Пережив трудности роста, вкрадчивый бизнес соблазна вырос в бандершу, которая выдает банальное за экзотическое, величая своих товарок баядерками. Только назвав остывший чай «айс ти», его можно обменять на пять долларов. И самым дорогим из всех блинов на Тверской оказался не с икрой и семгой, а тот, который назывался «э-мэйл».
– Когда я читал «День опричника», – признался я на прощание московскому другу, – мне показалось, что Сорокин спорит с Путиным о том, какой будет Россия – Петра или Ивана?
– Она стала и той, и другой, и третьей. Ее формула: верхам – новая революция, низам – старая. Одним – ресторан «Ваниль», другим – кровь и почва.
– Не знаю, но я заметил, что, разбогатев, люди меньше говорят о любви к народу, откупаясь от него яйцами Фаберже.

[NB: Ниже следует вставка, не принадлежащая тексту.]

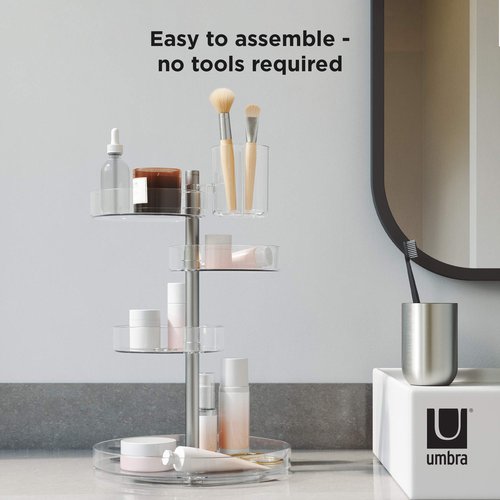 Umbra Pirouette Cosmetic Organizer, Large Capacity Makeup Storage with Adjustable Compartments, Clear/Nickel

– И слава Богу. Самая безопасная в мире революция – консьюмеристская. Потребительская, – добавил он для меня.
Вид сбоку
– Как ваша фамилия? – строго спросил таксист, нанятый доставлять приглашенных писателей в гостиницу.
– Генис.
– Вы уверены?
– Увы.
– Ну, ничего, какой есть. Будучи русским писателем, – начал он, не успев завести мотор, – вы не можете не понимать, что нормальному человеку нельзя жить в этой стране.
– Почему? – опешил я.
– Потому, – объявил он заветное, – что на их язык нельзя перевести «Бежин луг».
– Почему?
– В этом неразвитом языке нет придаточных предложений.

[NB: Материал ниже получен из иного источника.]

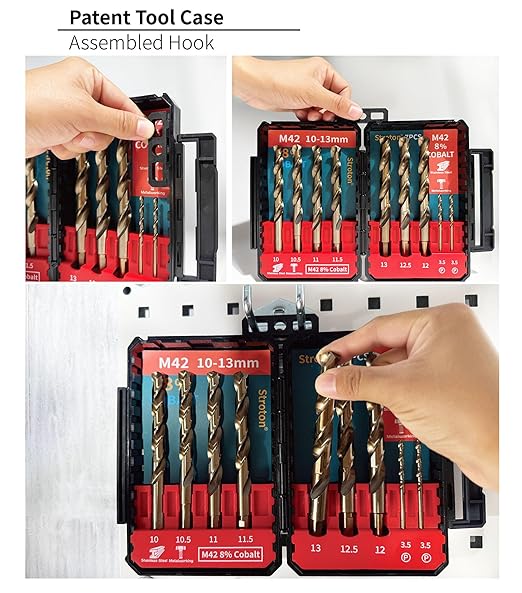 STROTON Metric M42 8% Cobalt Drill Bits Set for Stainless Steel and Hardened Steel (10-13mm (7PCS) M42)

– Почему? – опять спросил я, чувствуя, что повторяюсь.
– Идиоты. Это научный факт. Все ведь знают, что умных – один на миллион, а латышей – полтора миллиона. Пары не выходит.
Я думал, что приехал домой, а попал на линию фронта. Каждый встречный вступал со мной в спор еще до того, как я открывал рот.

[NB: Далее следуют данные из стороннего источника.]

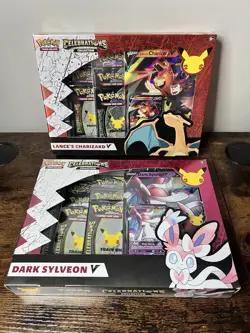 Pokemon TCG Celebrations Lance's Charizard V & Dark Sylveon V Box Evolving Skies - Image 1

– Даже вы, наверное, знаете, – сказал мне, знакомясь, талантливый автор с бритым черепом, – какой самый влиятельный в России писатель.
– Пушкин? – напрягся я.
– Лимонов!
– Почему? – опять завел я свое.
– Патриот, обещает насильно ввести полигамию.
– Архаично, – одобрил я, чтобы не ссориться.
– Я так и думал, что вам понравится. Вы же мамонт, из диссидентов.
Лед был сломан, и я решил поделиться заветным:
– Моя геополитическая мечта состоит в том, чтобы Россия присоединилась к НАТО.
– И моя. Чтобы НАТО – к России.
– Почему? – не нашел я другого слова.
– Потому, – отрезал он, уходя, – что мы вам – не Европа.
– Это вы – не Европа, – закричал я ему в спину, – а мы с Пушкиным – еще как. Он за нее даже умер.
Дело в том, что я верю – нет, исповедую – простую истину: Европой может стать каждый, кто захочет. Это как язык, который принадлежит всякому, кто его выучит.
Язык Европы – архитектура. Он понятен всем, кто жил в старом городе, где архитектура образует достаточную критическую массу, чтобы заблудиться, но недостаточную, чтобы надолго. В такой город входишь, будто в сонет. Бесконечно разнообразие поэтических приемов, но правила ясны, стили универсальны и вывод неизбежен, как кафедральный собор, ждущий на центральной площади.
Архитектура – средство для наружного употребления. В отличие от, скажем, музыки, архитектура не принимается внутрь, а действует блоками внешних впечатлений, влияющих на обмен культурных веществ.